241158
Les débuts d'Edmond Thomas (un titi du quinzième arrondissement parisien) ont quelque chose de savoureux pour les amateurs de destin marginal : "J'avais quatorze ans quand je me suis fait virer de l'école et le hasard a voulu que je sois embauché chez Brodard et Taupin, une ancienne maison qui imprimait entres autres le Livre de poche. Je travaillais à la reliure industrielle. A l'époque, je ne lisais que des bêtises. Je m'étais fait un ami d'un Algérien qui ramassait les vieux papiers et qui me rapportait des policiers de l'imprimerie. Un jour il m'a donné Paroles, de Jacques Prévert, qu'il avait mêlé par erreur à un lot de polars, à cause de sa couverture sombre, un graffiti photographié par Brassaï. Je peux dire que c'est ce qui m'a ouvert à la littérature."

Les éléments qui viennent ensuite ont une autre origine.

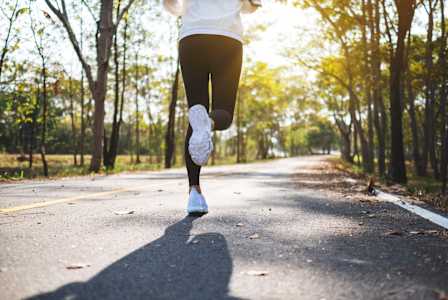 A person is running on a road with trees on both sides.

A partir de là, l'adolescent se met à dévorer tous les grands textes contemporains, fréquente les bouquinistes et un bibliomane distingué, Fernand Touré, qu'il publiera du reste quelques années plus tard. Un passage chez Armand Colin, puis, quatre ans plus tard, chez un libraire de livres anciens, lui offrent de quoi naviguer mieux encore dans le monde du livre, et l'occasion de se monter une "petite bibliothèque" respectable.

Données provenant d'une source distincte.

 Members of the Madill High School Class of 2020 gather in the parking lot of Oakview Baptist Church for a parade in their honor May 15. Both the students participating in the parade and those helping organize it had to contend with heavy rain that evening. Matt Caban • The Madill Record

C'est courant février 1972 qu'Edmond Thomas, déjà faiseur d'une revue de poésie ronéotée, décide qu'il est grand temps de mettre les voiles en solitaire. Ce sera Bassac, où l'attire son ami Jean-Paul Louis, des éditions du Lérot. La ronéo de Plein Chant - lorsqu'il a choisi cette enseigne, Thomas ne savait pas encore qu'il s'installerait dans une cour abbatiale longtemps hantée par les dominicains - tourne bientôt pour des plumes à peu près inconnues, dont celle d'Henri-Simon Faure et de quelques poètes qui gravitaient autour de la revue la Tour de feu (à Jarnac). En 1978, le rejoint Georges Monti, qui s'ennuyait un peu à Clermont-Ferrand, et ils s'apprennent mutuellement le métier d'imprimeur sur une offset fatiguée. Ils publient Armand Robin, alors complètement oublié, et toute la presse en parle.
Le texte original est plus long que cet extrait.